Known adverse documents
“Known adverse documents” are those which a party is actually aware (without undertaking any further search than already undertaken) both (a) are or were previously within its control and (b) are adverse (paragraph 2.8 of the Disclosure Pilot). In the case of a company or organisation, paragraph 2.9 of the Disclosure Pilot stipulates that awareness for these purposes is that of any person with accountability or responsibility for the events or the circumstances which are the subject of the case, or for the conduct of the proceedings.

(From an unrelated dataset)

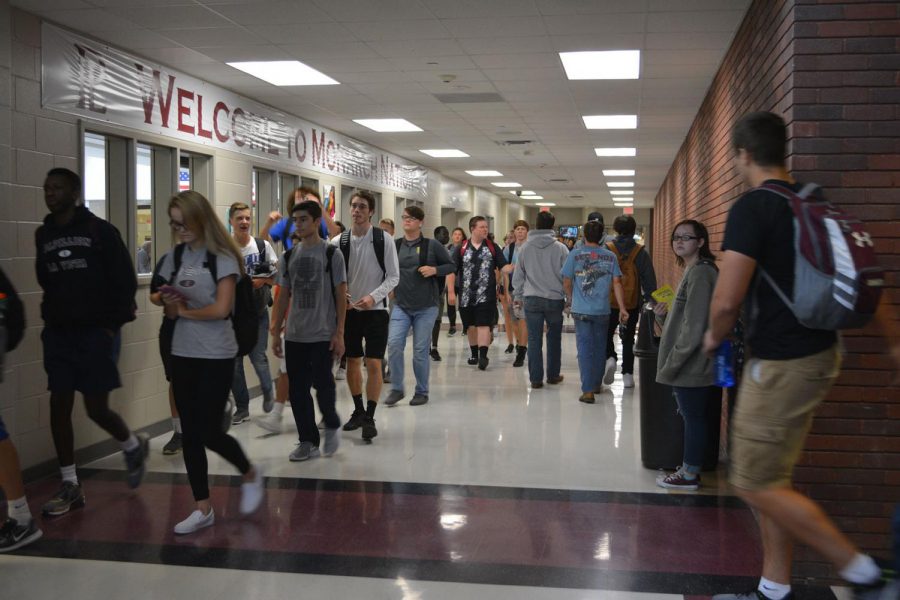 Students leave school because of early release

It is generally understood that these provisions require reasonable and proportionate checks to be undertaken with persons with such accountability or responsibility to ascertain whether they are aware of adverse documents.
In the present case the Bank only made such checks of certain employees and former employees; for other custodians who had accountability or responsibility for the relevant events, it obtained documents under the Bank’s control and contacted them to ask if they used personal email accounts or devices for work purposes. The Bank argued that this was sufficient to check for known adverse documents; but the Judge disagreed: checking whether an individual had access to particular sources of potentially relevant documents is not the same as checking whether they are aware of adverse documents (to state the obvious, the answer to the question whether an individual used a personal email account for work purposes could be “no”, even if the individual was aware of adverse documents). Further, the Judge refused to accept that there was any difficulty in sufficiently educating custodians about the issues in the case for them to be able to answer questions as to their awareness of adverse documents. The Bank was therefore directed to make further enquiries.
The take-away from this is that the requirement to check with relevant individuals for known adverse documents is an important safety net which operates additionally to, and is not satisfied by, the usual steps to collect and search potentially relevant sources of documents.